Football events are typically multi-modal (wingers vs centre-backs vs strikers operate in distinct zones). A Silverman-smoothed heat blob over all of them is visually clean but analytically blurry. The alternatives each have their own cost (Scott is barely different; CV is expensive and jittery; fixed is arbitrary).
Decision
bandwidth: "auto" defaults to Silverman, applied per-axis. bandwidth
accepts a number (same units as the canonical pitch frame) or a
[bwX, bwY] tuple for asymmetric smoothing. Sparse inputs (< 10 events)

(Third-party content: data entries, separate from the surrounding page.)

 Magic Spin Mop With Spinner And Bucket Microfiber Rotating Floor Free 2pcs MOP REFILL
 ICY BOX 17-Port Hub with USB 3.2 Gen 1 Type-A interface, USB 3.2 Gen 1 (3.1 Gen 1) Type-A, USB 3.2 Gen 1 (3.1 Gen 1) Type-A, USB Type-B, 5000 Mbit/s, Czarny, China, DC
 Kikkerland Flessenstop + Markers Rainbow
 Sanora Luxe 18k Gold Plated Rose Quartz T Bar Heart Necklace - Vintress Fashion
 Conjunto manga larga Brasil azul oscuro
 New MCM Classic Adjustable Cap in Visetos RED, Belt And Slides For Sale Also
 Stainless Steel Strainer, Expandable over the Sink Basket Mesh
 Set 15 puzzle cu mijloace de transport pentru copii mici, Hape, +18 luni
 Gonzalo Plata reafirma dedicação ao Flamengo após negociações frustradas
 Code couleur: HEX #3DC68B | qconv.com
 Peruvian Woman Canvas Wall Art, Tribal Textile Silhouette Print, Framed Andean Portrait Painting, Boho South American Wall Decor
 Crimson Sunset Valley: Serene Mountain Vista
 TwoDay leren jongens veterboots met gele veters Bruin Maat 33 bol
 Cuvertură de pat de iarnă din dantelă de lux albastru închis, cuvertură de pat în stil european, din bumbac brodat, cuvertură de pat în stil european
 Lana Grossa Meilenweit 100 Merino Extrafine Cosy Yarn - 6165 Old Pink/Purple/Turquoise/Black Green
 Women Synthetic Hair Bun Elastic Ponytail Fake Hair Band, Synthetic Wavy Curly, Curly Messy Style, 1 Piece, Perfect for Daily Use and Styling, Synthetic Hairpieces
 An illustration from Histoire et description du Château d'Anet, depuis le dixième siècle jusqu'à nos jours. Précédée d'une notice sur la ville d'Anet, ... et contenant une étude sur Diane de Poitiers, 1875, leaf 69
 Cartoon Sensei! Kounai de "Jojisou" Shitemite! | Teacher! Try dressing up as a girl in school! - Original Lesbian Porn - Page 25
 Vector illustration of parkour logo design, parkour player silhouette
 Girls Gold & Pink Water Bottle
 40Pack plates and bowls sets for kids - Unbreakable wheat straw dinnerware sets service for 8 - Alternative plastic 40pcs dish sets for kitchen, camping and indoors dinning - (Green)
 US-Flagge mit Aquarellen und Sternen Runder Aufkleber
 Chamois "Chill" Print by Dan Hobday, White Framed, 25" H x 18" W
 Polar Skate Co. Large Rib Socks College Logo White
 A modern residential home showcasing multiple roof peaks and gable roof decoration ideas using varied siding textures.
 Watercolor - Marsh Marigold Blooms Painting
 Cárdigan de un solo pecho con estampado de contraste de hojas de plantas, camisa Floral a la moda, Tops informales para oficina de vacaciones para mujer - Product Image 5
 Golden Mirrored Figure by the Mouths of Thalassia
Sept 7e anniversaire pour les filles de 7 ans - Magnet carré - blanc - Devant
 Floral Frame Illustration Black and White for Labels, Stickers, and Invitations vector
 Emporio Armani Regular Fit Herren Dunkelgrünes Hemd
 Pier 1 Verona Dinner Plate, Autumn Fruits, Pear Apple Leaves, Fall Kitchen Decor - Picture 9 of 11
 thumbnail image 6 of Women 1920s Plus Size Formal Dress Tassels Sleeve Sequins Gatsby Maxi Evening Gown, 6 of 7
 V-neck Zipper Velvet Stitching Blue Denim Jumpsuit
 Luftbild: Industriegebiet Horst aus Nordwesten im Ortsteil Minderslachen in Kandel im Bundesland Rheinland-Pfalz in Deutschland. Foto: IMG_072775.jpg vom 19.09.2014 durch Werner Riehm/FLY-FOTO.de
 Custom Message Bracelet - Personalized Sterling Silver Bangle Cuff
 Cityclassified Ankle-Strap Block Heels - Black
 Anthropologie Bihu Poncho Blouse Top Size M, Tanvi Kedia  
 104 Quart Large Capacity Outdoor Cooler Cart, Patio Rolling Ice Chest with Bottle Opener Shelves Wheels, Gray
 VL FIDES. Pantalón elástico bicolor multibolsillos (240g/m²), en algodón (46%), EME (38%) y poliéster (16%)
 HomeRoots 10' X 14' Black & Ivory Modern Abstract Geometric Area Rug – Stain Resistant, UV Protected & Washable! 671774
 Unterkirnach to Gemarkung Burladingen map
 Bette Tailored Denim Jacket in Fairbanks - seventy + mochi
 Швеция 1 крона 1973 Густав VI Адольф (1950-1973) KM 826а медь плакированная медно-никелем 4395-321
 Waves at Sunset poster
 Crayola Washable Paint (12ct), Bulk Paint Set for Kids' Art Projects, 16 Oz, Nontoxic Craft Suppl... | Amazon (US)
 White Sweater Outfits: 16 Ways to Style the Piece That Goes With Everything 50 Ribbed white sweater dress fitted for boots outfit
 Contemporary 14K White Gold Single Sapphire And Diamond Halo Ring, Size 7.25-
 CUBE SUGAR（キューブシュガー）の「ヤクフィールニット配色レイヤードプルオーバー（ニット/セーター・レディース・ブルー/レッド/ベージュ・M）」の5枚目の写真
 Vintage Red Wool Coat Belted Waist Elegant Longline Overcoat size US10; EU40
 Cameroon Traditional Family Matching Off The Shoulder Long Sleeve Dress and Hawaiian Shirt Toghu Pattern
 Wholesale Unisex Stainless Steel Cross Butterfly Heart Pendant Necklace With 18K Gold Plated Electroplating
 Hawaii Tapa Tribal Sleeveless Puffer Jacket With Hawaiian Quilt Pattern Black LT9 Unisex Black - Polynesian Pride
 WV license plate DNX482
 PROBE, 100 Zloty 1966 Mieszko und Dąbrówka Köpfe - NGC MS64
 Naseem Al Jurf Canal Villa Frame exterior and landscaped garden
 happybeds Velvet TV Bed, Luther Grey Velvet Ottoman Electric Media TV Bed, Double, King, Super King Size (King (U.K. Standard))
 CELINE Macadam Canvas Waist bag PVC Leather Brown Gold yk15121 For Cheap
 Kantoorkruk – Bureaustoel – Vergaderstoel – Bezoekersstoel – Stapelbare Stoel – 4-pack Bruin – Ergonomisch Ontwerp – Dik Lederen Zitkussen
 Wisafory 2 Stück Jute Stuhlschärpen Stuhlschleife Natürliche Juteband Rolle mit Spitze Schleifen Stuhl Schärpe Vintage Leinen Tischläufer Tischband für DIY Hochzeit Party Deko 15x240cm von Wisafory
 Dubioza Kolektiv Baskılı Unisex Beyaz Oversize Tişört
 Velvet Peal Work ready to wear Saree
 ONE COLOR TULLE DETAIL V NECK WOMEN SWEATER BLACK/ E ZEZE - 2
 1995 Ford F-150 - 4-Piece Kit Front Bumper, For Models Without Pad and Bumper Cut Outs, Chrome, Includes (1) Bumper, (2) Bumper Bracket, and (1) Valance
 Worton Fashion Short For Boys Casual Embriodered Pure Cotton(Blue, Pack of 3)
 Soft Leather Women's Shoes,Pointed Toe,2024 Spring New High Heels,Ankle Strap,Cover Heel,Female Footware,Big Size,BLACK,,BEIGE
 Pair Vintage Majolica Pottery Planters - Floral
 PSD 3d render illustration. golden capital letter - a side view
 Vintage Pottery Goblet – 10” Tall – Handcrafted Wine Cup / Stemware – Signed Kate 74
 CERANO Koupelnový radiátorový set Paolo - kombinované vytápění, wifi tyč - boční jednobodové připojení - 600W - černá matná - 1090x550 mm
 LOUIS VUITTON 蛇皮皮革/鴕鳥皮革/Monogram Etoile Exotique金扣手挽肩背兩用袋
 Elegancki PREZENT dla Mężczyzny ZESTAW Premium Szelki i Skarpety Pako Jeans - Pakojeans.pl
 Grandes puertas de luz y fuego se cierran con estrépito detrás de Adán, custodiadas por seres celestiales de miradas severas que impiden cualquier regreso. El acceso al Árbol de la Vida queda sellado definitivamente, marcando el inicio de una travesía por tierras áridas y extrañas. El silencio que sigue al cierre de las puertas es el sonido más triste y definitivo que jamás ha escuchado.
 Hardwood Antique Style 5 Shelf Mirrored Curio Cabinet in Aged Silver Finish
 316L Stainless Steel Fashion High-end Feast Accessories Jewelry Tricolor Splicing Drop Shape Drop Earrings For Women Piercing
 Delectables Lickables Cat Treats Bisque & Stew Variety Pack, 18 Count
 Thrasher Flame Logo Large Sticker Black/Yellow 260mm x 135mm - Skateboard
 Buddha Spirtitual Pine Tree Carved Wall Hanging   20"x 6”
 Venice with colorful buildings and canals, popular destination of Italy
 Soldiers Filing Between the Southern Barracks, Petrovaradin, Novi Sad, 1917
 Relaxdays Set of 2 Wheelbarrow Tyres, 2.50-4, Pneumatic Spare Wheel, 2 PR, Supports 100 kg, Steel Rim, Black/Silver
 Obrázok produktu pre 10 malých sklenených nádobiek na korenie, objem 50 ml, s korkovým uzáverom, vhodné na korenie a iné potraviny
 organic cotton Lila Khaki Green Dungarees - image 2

emit [kde.low-confidence]. Non-finite or negative bandwidths fall back
with a warning.
Consequences
- Default output is deterministic and reproducible in tests.
- Consumers analysing multi-cluster patterns pass a tighter manual bandwidth; the spec documents this as the canonical override.
- Cross-validated bandwidth is deferred; adds cost and non-determinism without a clearly better editorial default.
- The compute layer exposes the resolved bandwidth on the model so consumers can inspect what was used — important when the fallback kicks in silently.